> [TASK DIRECTIONS]:
Output exactly, in the material below, the lines from the one with "Property photo 3 of 9 Lounge" through the one with "Taza rosa pintada". Omit all pictures.

== SUPPLIED MATERIAL

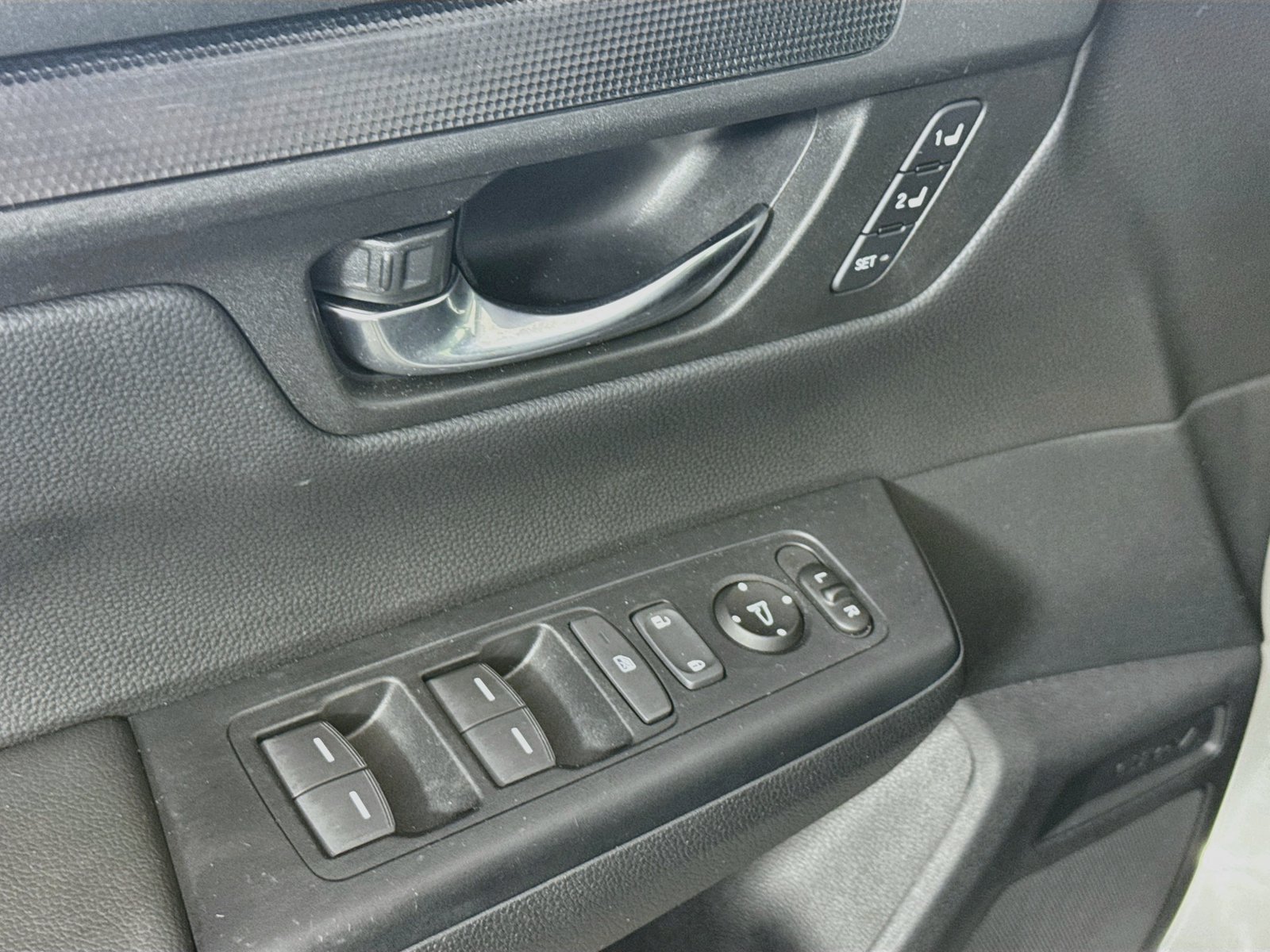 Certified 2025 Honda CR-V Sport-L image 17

====
== SUPPLIED MATERIAL

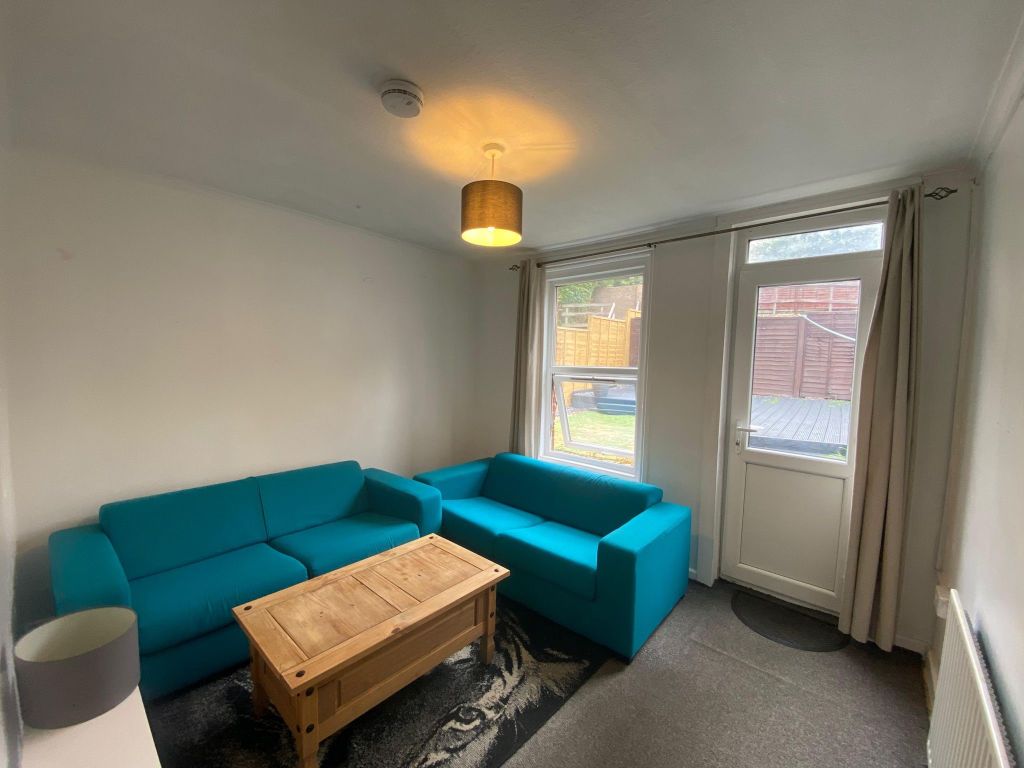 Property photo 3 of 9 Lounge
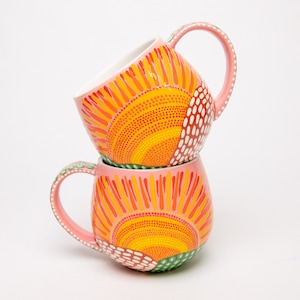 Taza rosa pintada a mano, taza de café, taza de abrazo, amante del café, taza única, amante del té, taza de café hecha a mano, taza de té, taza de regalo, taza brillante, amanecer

====

> [WRITTEN ANSWER]:
 Property photo 3 of 9 Lounge
 Taza rosa pintada a mano, taza de café, taza de abrazo, amante del café, taza única, amante del té, taza de café hecha a mano, taza de té, taza de regalo, taza brillante, amanecer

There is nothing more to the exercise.